Further support of the hypothesis that interaction of E5564 at CD14 does not play a key role in its activity comes from a previous study byLien et al. (2000) describing the activity of novel synthetic acyclic lipid A-like agonists that activate TLR4/MD-2 in the absence of CD14. E5564 inhibited the actions of these agonists under serum-free conditions. Taken together, these lines of evidence make it tempting to speculate that E5564 binds to TLR4/MD-2 complex, thereby blocking LPS binding or transmembrane signaling.
The downstream effect of inhibiting the initial signaling by LPS seems to be an inhibition of all LPS-induced cytokines measured, including TNF-α, IL-1β, IL-6, IL-8, IL-10, and nitric oxide, which was measured in cultured cells, whole blood, and in vivo.
The likelihood that E5564 does not inhibit the interaction of LPS with soluble receptors may increase its value as a therapeutic agent. Because endotoxemia and sepsis induce acute phase in the liver, plasma levels of proteins such as LBP change dramatically (Opal et al., 1999). Therapy targeted toward these serum proteins would require dosing adjustments to accommodate increased synthesis or turnover of these proteins.

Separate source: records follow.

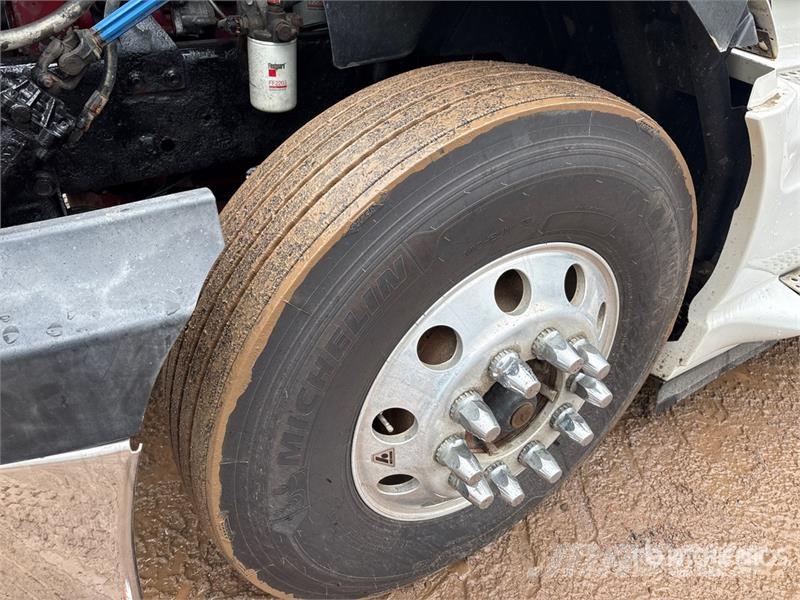 International ProStar Premium Vilcēji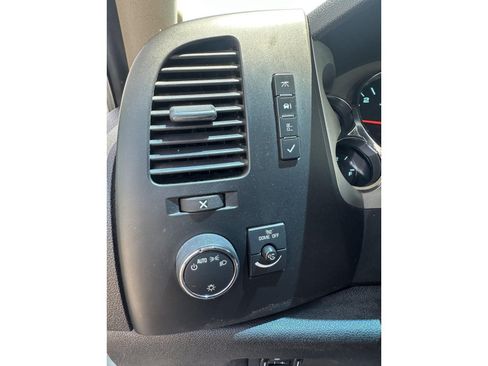 Used 2014 Chevrolet Silverado 2500 LT AWD/4WD image 31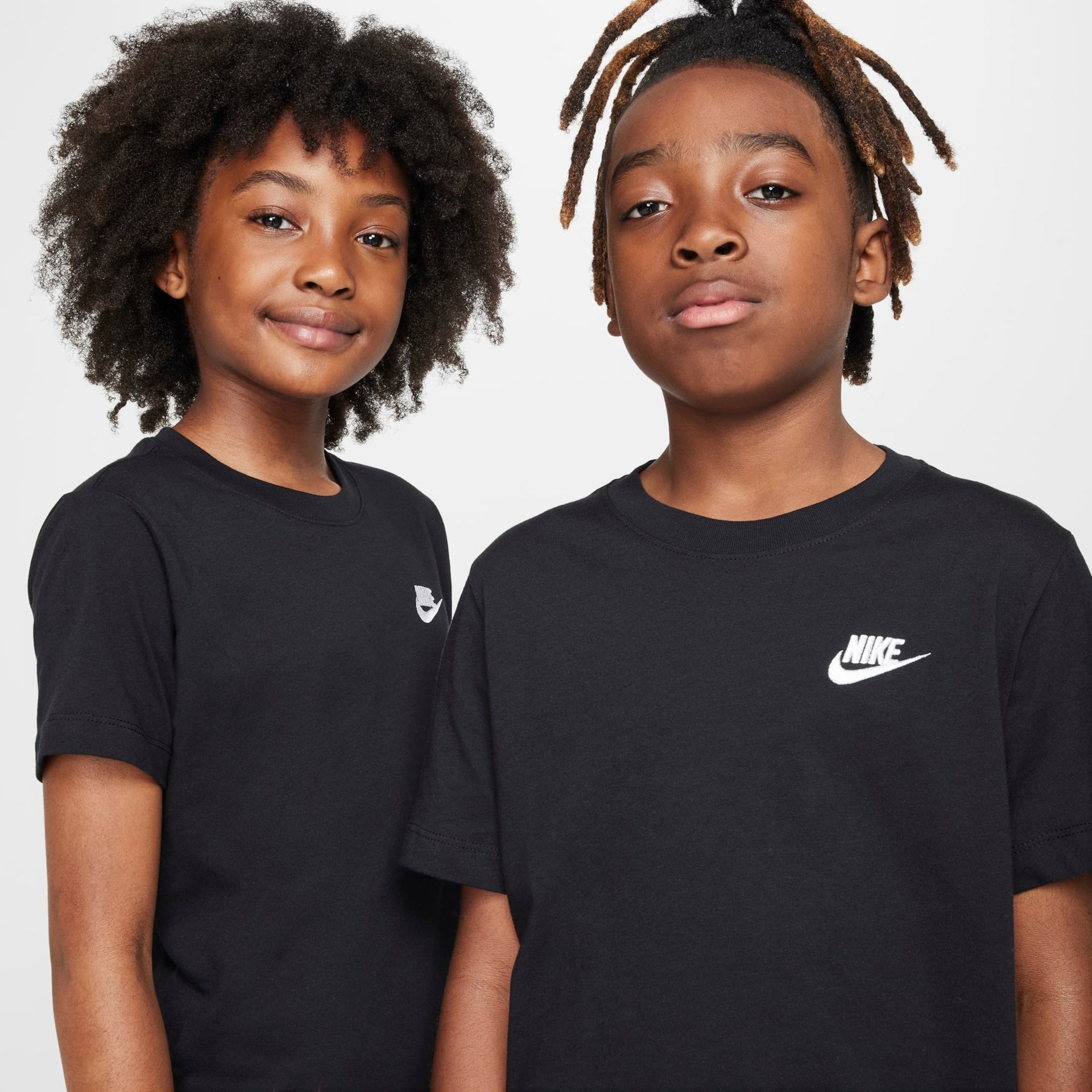 Camiseta Nike Sportwear Futura Infantil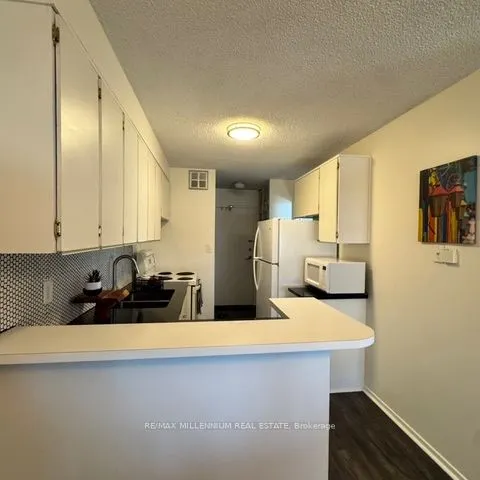 90 Ling Road, ##910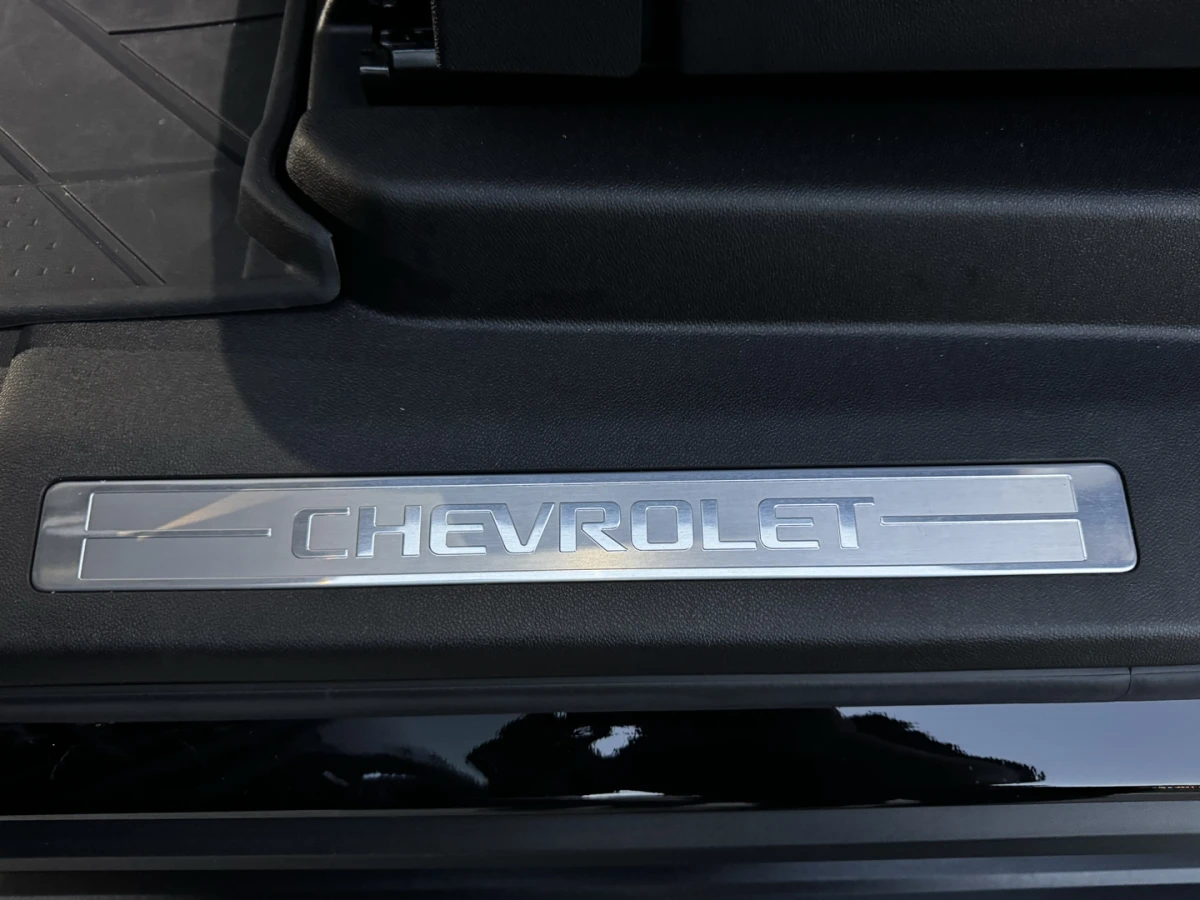 Chevrolet Suburban — foto 17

Comparisons of antagonistic potency in cells cultured in 10% serum versus whole blood allow us to determine whether the high concentration of proteins/lipoproteins present in serum inhibit E5564 activity. In all systems but the rat, antagonistic activity of E5564 in cultured cells was within 4-fold that measured in high serum (blood) compared with assays done in low-serum conditions (cultured cells or monocytes). This indicates that serum has little or no inhibitory effect on antagonistic activity under these in vitro conditions. However, extended incubations in whole blood demonstrated that activity of E5564 was measurably reduced. Other studies (K. M. Wasan, O. Sivak, R. A. Cote, A. I. MacInnes, K. D. Boulanger, M. Lynn, W. J. Christ, L. D. Hawkins, and D. P. Rossignol, manuscript in preparation) indicate that like E5531, E5564 is not rapidly metabolized, but binds to lipoproteins, and time dependently loses antagonistic activity. The observation that lipoproteins reduce drug activity may explain the poor activity of E5564 in rat blood that has a relatively high lipoprotein content (Segrest and Albers, 1986).

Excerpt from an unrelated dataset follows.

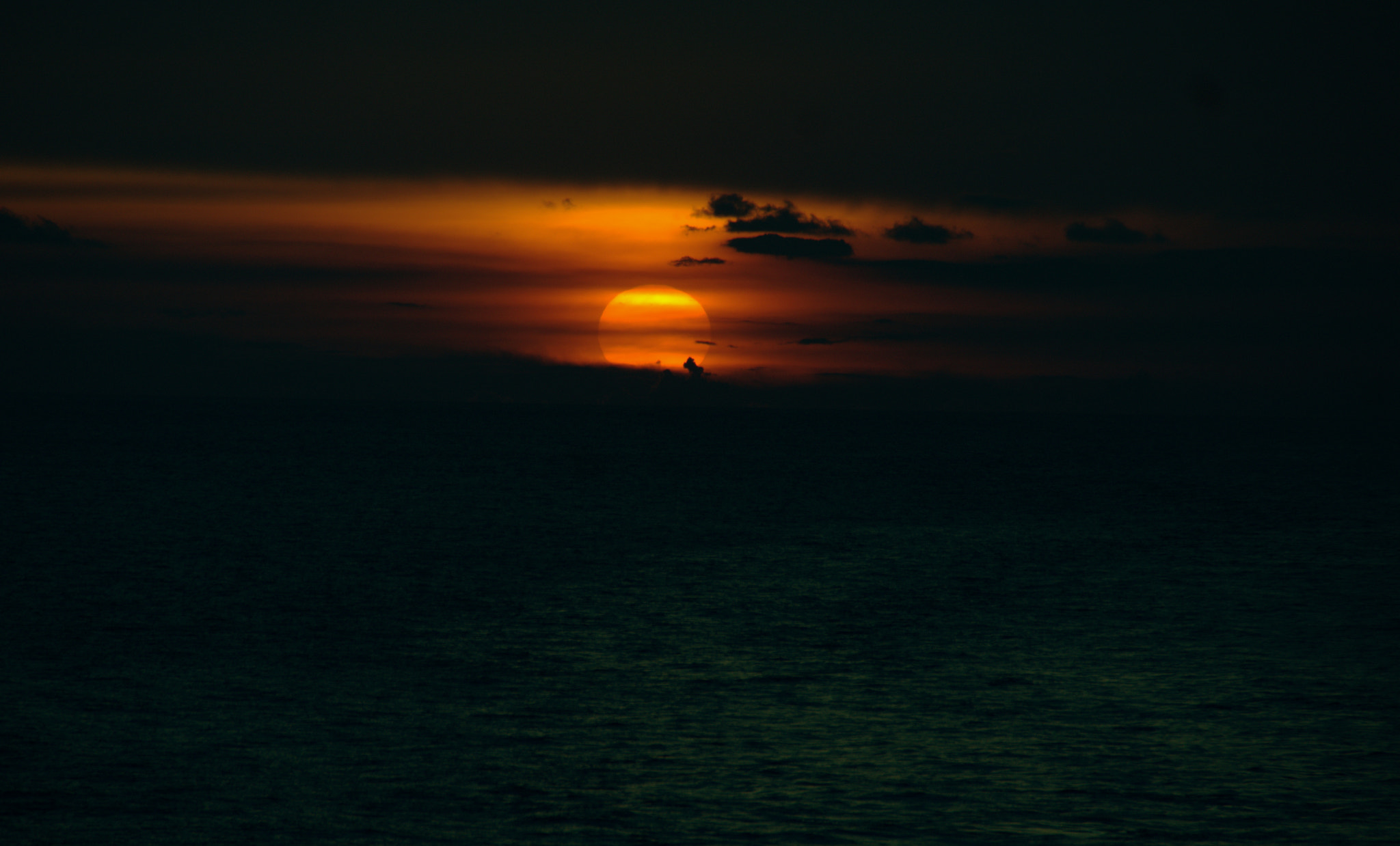 Sony DT 18-200mm F3.5-6.3 sample photo. From sea photography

Is Endotoxin the Major Component from Gram Negative Bacteria That Activates Cytokine Response in Blood?
It has been postulated that bacterial components other than endotoxin may activate cells in whole blood, and recently, different subtypes of toll-like receptors have been implicated in responses to these different components. However, this differentiation of response to different receptors does not indicate the relative importance of these components in cellular stimulation. E5564 seems to be a specific antagonist for the TLR4 receptor and is inactive against TLR2-directed agonists (Heine et al., 2000). Based on the ability of E5564 to inhibit cellular activation by LPS from a variety of Gram negative bacteria, whole killed or live bacteria, but not Gram positive bacteria, it is likely that E5564 is an effective antagonist for activation of blood cells specifically by Gram negative bacteria. Furthermore, the observation that E5564 is a potent and complete (or nearly complete) inhibitor of Gram negative bacteria in the bacterial sepsis model helps clarify the role of endotoxin in activation of cells in blood. Effective reduction of inflammatory response and death due to bacterial infection by E5564 indicates that endotoxin or other agents that bind to TLR4 drive response to Gram negative bacteria.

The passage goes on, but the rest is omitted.